* [Provided records]
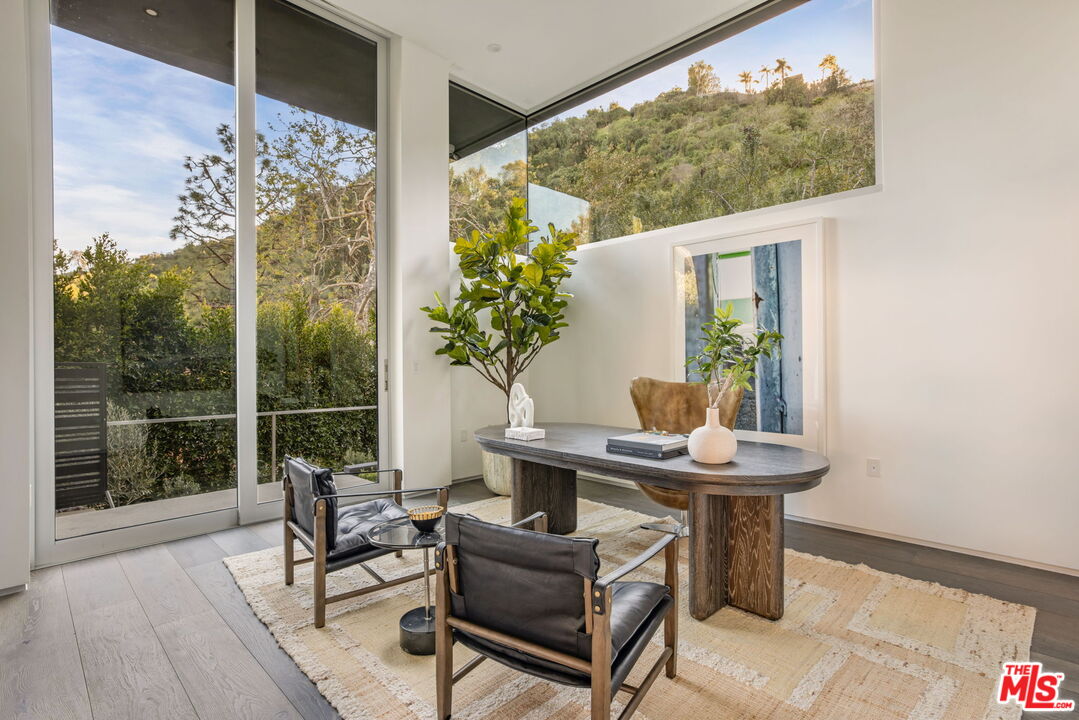 1116 Chantilly Road Los Angeles, CA 90077 - Photo 6 of 46 Gallery Image 6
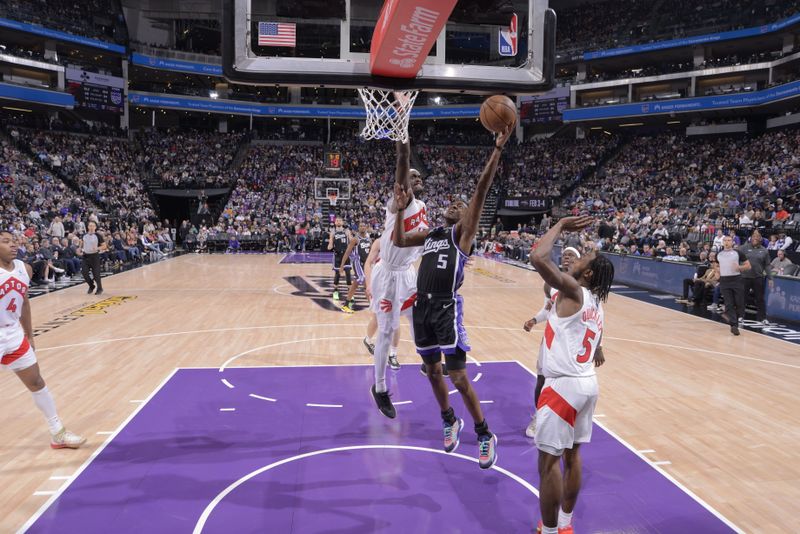 SACRAMENTO, CA - JANUARY 5: De'Aaron Fox #5 of the Sacramento Kings shoots the ball during the game against the Toronto Raptors on January 5, 2024 at Golden 1 Center in Sacramento, California. NOTE TO USER: User expressly acknowledges and agrees that, by downloading and or using this Photograph, user is consenting to the terms and conditions of the Getty Images License Agreement. Mandatory Copyright Notice: Copyright 2024 NBAE (Photo by Rocky Widner/NBAE via Getty Images)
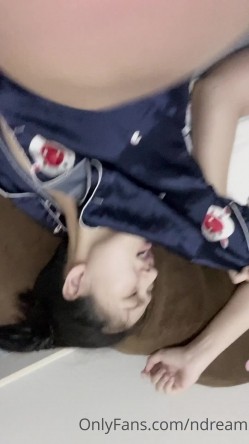 泰国纯天然反差少妇「dream」OF日常露脸性爱私拍 野外、阳台、车震、门口啪啪 现实OL网上母狗 截图13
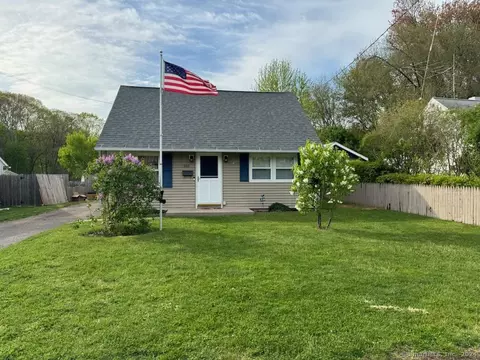 302 Glen Hills Rd, Meriden, CT 06451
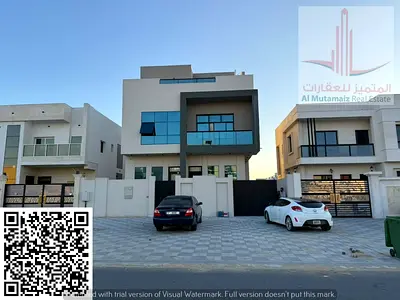 فيلا فيها 03 طوايق للايجار مكونه من 08 غرف ماستر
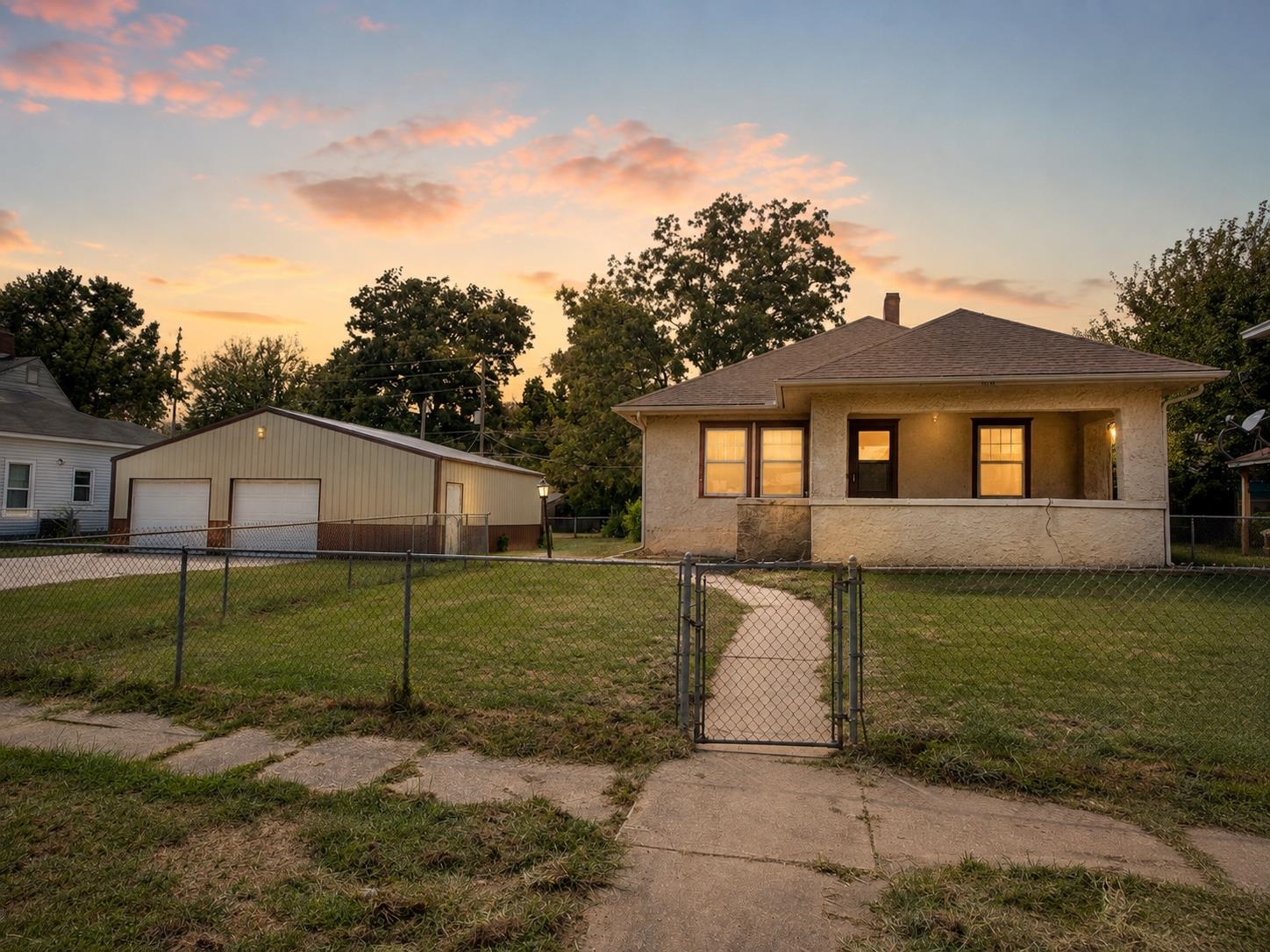 507 S B St, Arkansas City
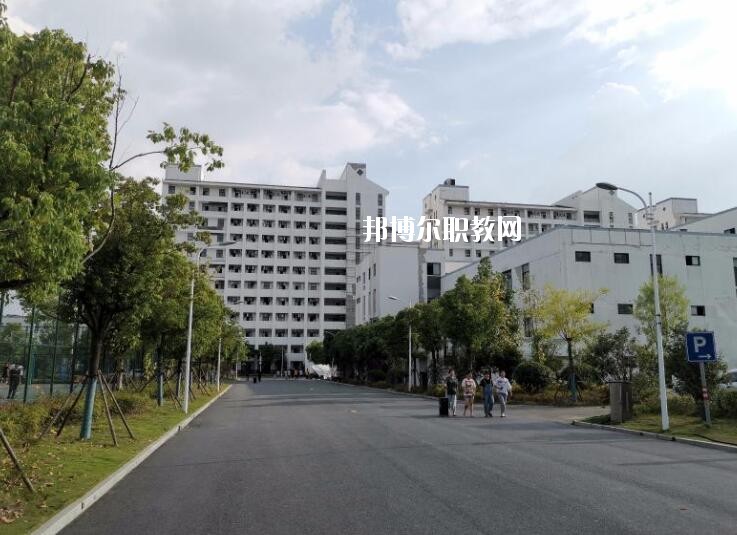 合肥經(jīng)貿(mào)旅游學(xué)校2020年報(bào)名條件、招生要求、招生對象
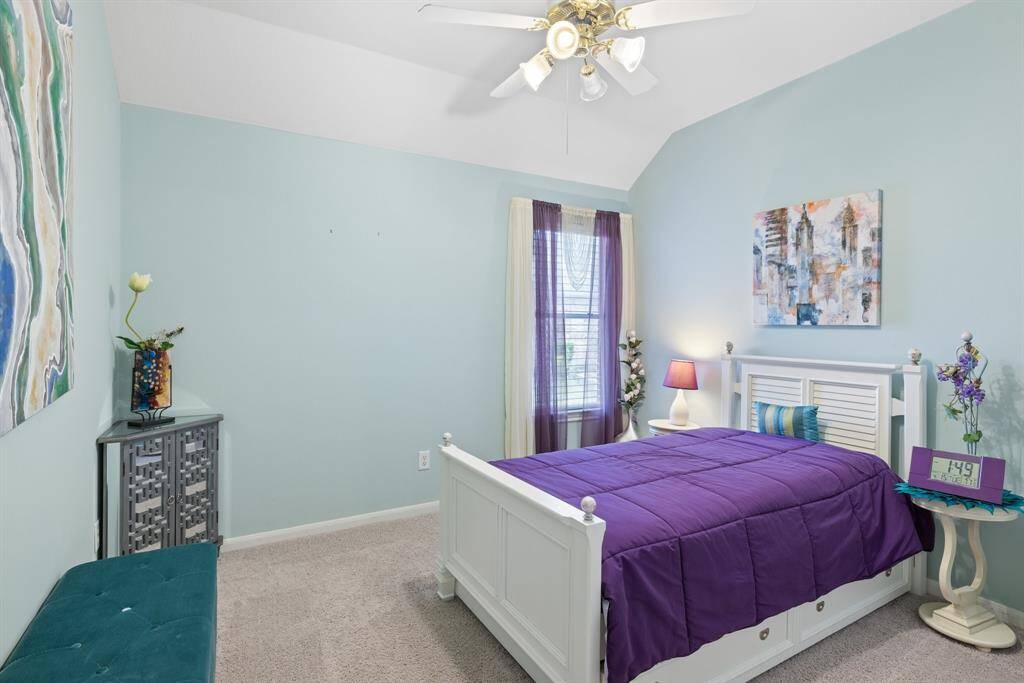 Third bedroom.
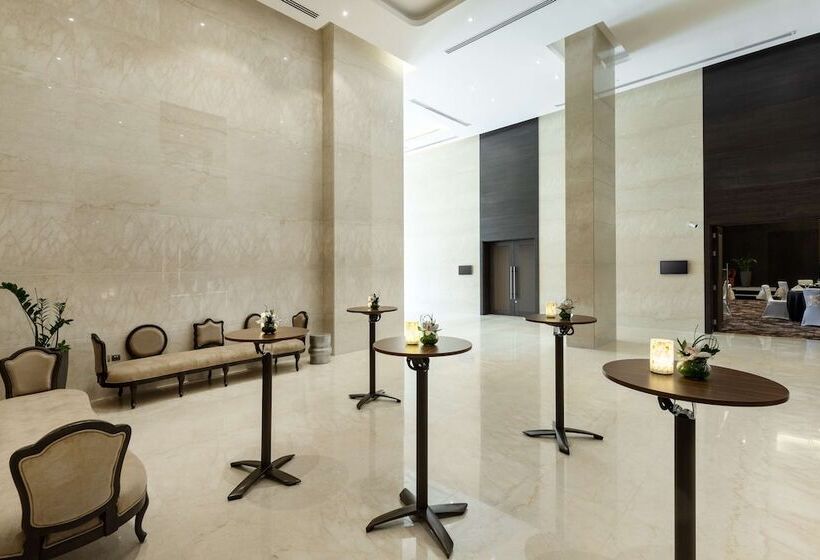 Radisson Blu Hotel, Dubai Canal View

* [Task details]
Quote the records above exactly, leaving out any pictures.

* [Solution to the exercise]
 1116 Chantilly Road Los Angeles, CA 90077 - Photo 6 of 46 Gallery Image 6
 SACRAMENTO, CA - JANUARY 5: De'Aaron Fox #5 of the Sacramento Kings shoots the ball during the game against the Toronto Raptors on January 5, 2024 at Golden 1 Center in Sacramento, California. NOTE TO USER: User expressly acknowledges and agrees that, by downloading and or using this Photograph, user is consenting to the terms and conditions of the Getty Images License Agreement. Mandatory Copyright Notice: Copyright 2024 NBAE (Photo by Rocky Widner/NBAE via Getty Images)
 泰国纯天然反差少妇「dream」OF日常露脸性爱私拍 野外、阳台、车震、门口啪啪 现实OL网上母狗 截图13
 302 Glen Hills Rd, Meriden, CT 06451
 فيلا فيها 03 طوايق للايجار مكونه من 08 غرف ماستر
 507 S B St, Arkansas City
 合肥經(jīng)貿(mào)旅游學(xué)校2020年報(bào)名條件、招生要求、招生對象
 Third bedroom.
 Radisson Blu Hotel, Dubai Canal View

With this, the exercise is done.